▶ Exercise inputs

===

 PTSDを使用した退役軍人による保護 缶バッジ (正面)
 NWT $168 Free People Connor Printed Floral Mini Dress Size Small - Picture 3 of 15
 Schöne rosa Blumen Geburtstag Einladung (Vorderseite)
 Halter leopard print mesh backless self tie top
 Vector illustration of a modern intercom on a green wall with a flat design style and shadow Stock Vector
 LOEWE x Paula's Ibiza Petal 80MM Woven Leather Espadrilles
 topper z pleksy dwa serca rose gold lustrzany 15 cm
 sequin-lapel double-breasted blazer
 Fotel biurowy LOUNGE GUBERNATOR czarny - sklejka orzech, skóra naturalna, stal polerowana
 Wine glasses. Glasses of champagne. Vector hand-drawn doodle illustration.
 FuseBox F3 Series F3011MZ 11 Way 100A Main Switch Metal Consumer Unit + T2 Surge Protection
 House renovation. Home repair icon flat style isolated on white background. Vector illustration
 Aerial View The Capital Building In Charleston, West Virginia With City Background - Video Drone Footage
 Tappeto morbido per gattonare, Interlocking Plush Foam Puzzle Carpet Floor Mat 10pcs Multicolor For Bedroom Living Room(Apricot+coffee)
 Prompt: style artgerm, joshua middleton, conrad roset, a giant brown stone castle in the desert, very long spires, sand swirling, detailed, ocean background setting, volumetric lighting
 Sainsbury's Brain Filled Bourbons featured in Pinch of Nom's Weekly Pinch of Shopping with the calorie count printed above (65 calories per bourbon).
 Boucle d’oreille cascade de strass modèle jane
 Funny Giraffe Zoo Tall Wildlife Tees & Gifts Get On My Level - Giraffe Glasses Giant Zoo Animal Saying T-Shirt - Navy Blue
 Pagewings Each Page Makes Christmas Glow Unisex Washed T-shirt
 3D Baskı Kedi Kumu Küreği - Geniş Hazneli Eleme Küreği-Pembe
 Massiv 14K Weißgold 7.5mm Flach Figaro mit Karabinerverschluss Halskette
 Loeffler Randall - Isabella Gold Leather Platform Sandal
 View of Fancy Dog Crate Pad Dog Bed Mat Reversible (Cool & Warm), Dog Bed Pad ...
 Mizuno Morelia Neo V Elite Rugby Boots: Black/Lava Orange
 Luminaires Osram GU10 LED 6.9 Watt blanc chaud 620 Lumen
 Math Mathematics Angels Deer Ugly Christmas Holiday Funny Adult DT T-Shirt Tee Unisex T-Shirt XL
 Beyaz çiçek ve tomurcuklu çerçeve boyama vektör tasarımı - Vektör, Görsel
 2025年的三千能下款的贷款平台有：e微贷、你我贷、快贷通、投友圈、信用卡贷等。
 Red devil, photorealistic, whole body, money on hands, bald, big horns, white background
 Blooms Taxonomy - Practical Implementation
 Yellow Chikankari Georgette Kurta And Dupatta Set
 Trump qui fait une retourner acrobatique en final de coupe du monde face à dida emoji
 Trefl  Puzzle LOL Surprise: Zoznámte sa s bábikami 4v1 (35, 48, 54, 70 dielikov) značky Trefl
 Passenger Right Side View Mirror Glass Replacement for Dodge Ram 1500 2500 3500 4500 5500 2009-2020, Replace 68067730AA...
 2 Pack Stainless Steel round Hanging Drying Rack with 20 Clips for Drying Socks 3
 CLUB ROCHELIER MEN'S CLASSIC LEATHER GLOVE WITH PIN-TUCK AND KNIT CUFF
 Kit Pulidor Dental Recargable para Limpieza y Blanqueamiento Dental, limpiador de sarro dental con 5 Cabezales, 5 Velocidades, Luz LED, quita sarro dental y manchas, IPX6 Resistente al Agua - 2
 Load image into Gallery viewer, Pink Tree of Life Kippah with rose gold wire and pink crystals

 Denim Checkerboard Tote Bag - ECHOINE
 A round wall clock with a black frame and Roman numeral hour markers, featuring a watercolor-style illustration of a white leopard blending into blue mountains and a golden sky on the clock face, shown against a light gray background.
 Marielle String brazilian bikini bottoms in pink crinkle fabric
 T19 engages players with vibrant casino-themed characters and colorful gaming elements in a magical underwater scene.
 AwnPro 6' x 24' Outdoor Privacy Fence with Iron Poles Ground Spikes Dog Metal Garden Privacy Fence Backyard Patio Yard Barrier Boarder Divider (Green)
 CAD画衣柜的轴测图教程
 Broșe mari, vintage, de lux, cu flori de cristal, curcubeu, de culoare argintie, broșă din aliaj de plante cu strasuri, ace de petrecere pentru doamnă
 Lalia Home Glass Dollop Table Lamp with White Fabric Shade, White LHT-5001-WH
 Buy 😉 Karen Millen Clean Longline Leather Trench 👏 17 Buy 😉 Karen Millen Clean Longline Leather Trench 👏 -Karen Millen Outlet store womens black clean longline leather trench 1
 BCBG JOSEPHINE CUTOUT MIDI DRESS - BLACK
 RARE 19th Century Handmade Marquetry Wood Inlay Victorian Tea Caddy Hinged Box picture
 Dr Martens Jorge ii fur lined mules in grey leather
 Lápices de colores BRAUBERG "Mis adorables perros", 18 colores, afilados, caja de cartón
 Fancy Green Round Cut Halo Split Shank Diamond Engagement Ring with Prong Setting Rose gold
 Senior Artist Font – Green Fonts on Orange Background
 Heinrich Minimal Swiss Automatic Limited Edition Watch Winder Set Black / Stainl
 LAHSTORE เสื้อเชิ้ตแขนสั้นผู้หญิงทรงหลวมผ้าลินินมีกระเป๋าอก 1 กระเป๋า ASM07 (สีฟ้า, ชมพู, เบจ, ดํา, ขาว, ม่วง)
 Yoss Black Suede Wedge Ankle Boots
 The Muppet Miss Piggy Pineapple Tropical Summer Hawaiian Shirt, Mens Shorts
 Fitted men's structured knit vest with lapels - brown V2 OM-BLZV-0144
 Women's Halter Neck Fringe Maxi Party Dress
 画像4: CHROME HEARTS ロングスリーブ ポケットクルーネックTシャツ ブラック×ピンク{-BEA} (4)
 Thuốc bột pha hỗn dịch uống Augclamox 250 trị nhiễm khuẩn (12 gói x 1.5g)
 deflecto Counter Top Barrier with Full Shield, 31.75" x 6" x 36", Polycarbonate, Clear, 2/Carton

===

▶ Problem description
The range runs from the line with "Mizuno Morelia Neo" up to and including the line with "Broșe mari, vintage, de" in the listing above; please write out exactly those lines and nothing more.

▶ Completed task
 Mizuno Morelia Neo V Elite Rugby Boots: Black/Lava Orange
 Luminaires Osram GU10 LED 6.9 Watt blanc chaud 620 Lumen
 Math Mathematics Angels Deer Ugly Christmas Holiday Funny Adult DT T-Shirt Tee Unisex T-Shirt XL
 Beyaz çiçek ve tomurcuklu çerçeve boyama vektör tasarımı - Vektör, Görsel
 2025年的三千能下款的贷款平台有：e微贷、你我贷、快贷通、投友圈、信用卡贷等。
 Red devil, photorealistic, whole body, money on hands, bald, big horns, white background
 Blooms Taxonomy - Practical Implementation
 Yellow Chikankari Georgette Kurta And Dupatta Set
 Trump qui fait une retourner acrobatique en final de coupe du monde face à dida emoji
 Trefl  Puzzle LOL Surprise: Zoznámte sa s bábikami 4v1 (35, 48, 54, 70 dielikov) značky Trefl
 Passenger Right Side View Mirror Glass Replacement for Dodge Ram 1500 2500 3500 4500 5500 2009-2020, Replace 68067730AA...
 2 Pack Stainless Steel round Hanging Drying Rack with 20 Clips for Drying Socks 3
 CLUB ROCHELIER MEN'S CLASSIC LEATHER GLOVE WITH PIN-TUCK AND KNIT CUFF
 Kit Pulidor Dental Recargable para Limpieza y Blanqueamiento Dental, limpiador de sarro dental con 5 Cabezales, 5 Velocidades, Luz LED, quita sarro dental y manchas, IPX6 Resistente al Agua - 2
 Load image into Gallery viewer, Pink Tree of Life Kippah with rose gold wire and pink crystals

 Denim Checkerboard Tote Bag - ECHOINE
 A round wall clock with a black frame and Roman numeral hour markers, featuring a watercolor-style illustration of a white leopard blending into blue mountains and a golden sky on the clock face, shown against a light gray background.
 Marielle String brazilian bikini bottoms in pink crinkle fabric
 T19 engages players with vibrant casino-themed characters and colorful gaming elements in a magical underwater scene.
 AwnPro 6' x 24' Outdoor Privacy Fence with Iron Poles Ground Spikes Dog Metal Garden Privacy Fence Backyard Patio Yard Barrier Boarder Divider (Green)
 CAD画衣柜的轴测图教程
 Broșe mari, vintage, de lux, cu flori de cristal, curcubeu, de culoare argintie, broșă din aliaj de plante cu strasuri, ace de petrecere pentru doamnă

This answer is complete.